I've always loved the human body with all it's beauty and vulnerabilities. I love the warmth and safe harbour it can bring and I love the complexities it can provide. Through the years though, I've always wondered, with a rather immature and unevolved mind, why do we snicker and get embarrassed when we see nakedness. Aren't we, after-all, all built with the same body parts in more-or-less the same places?

It appears that we have been conditioned to feel shame about that which is natural. We were BORN naked and, as children, have no fear about being naked. It is the lesson that we are taught that certain areas of our body are "private" and "shameful". It's very Adam and Eve, isn't it? Our logical brains tell us that our genitals and breasts are no different to our ears or noses or fingers. They are parts of our body that provide a function for our continued survival - no different than our mouths that take in food for the same purposes.

Yet, because of religion and culture, we have been conditioned and taught over the centuries that these very body parts are out of bounds. Insofar as I resist the urge to run up to a stranger and place my finger in his or her mouth, why do we feel that if naked, people will want to take privileges with JUST THESE parts? That we will be raped or probed and that nakedness is all about sex.

It isn't. We've been conditioned to THINK that it is but, in truth, being naked is no more revelatory than freedom of speech. The level of acceptable body exposure differs from religion to religion and thus consequently, from culture through different cultures.

I could go on and I'll spare you my soapbox rant about why I still don't get it. I don't get why we have these hang-ups about something so very natural.

I was given the most beautiful privilege of photographing two very special women, who happened to be pregnant, naked. This point was brought closer to me during those moments when, up front and personally very close to such beauty, that I didn't notice their "private parts". What really struck me was that they had the same parts as me, sure - different shapes and sizes (and colour, of course) but I was no more or less womanly than they nor they from me. I felt a very intimate sisterhood being in their company. I stopped seeing their bits - I honestly did. What I saw, however, was how they carried themselves, their grace, their femaleness, their physical curves, their quiet dignity and I was moved at such a deep, deep level at how utterly beautiful they were.......and still are.
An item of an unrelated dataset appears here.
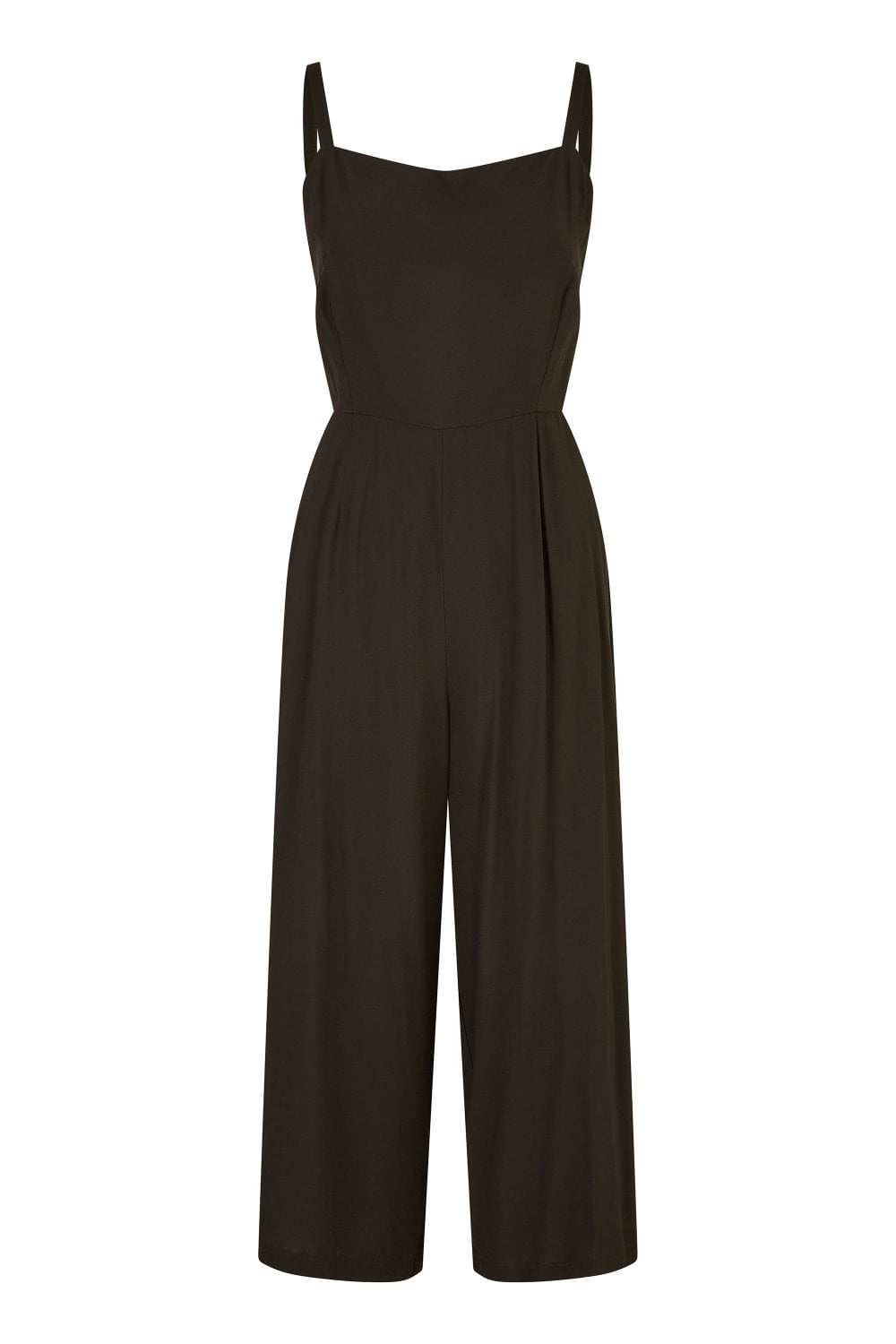 Yumi Black Viscose Tie Back Jumpsuit With Pockets Yumi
I remember thinking how primitive societies were really more evolved than we are now. Where tribal rituals bonded women to women and men to men (in non-sexual ways). How priviliged is it to see someone as they are, free from the bonds of clothing.

Clothing is the choice we make, fashion et alia, to disguise or embellish or project ourselves as we WISH to be seen. We emulate and copy or, in some cases, project our distinctive individualities by what we wear on the outside rather than be seen as purely what we are.

Clothing, sadly, is used to identify us. We pigeonhole by first sight: She's wearing a burqa therefore she is a Moslem and therefore we make a judgement. He is wearing khaki overalls therefore he is a tradesman therefore we make judgements about that. She is wearing designer clothes therefore she is wealthy because she can afford it therefore we make judgements.

I have always loved the TRUTH. Truth is like nudity. It can be harsh and confronting but it is only what it is and nothing more. Within TRUTH and NUDITY, there is no hiding so what you see is just what is there. It's like drinking pure water or breathing in the freshest air. It's simple. It's uncomplicated.

It allows you to evolve to the next level in this life, free from the chains and encumbrances of all the conditioning and propaganda we're fed.




"The Puritan often will brood

On how horrid it is to be nude;

The absence of clothing

He views with such loathing

That the naked truth strikes him as lewd."

---D.R. Benson
 
 

Sunday, 26 February 2012

Living My Life Like It's The Only One I've Got


This weekend found me ticking yet another thing off my bucketlist and I can't begin to tell you what a natural drug of happiness and utter joy this feels like, being able to do this. This is just my opinion and I acknowledge that not everyone feels like I do.

This life? I may not get the chance to do it over again or anew so, aside from taking charge of all my mundane responsibilities like mortgage, groceries, bills etc, there has to be more than this to my life, yeah?

I started creating lists a while ago of all the things that I would like to experience and do and started making my way to completing them. They started off with little things and it grew to include the things that made me absolutely and utterly HAPPY to the point of bursting with so much joy that I would just explode. Studying photography was one of these things and here I am, doing it.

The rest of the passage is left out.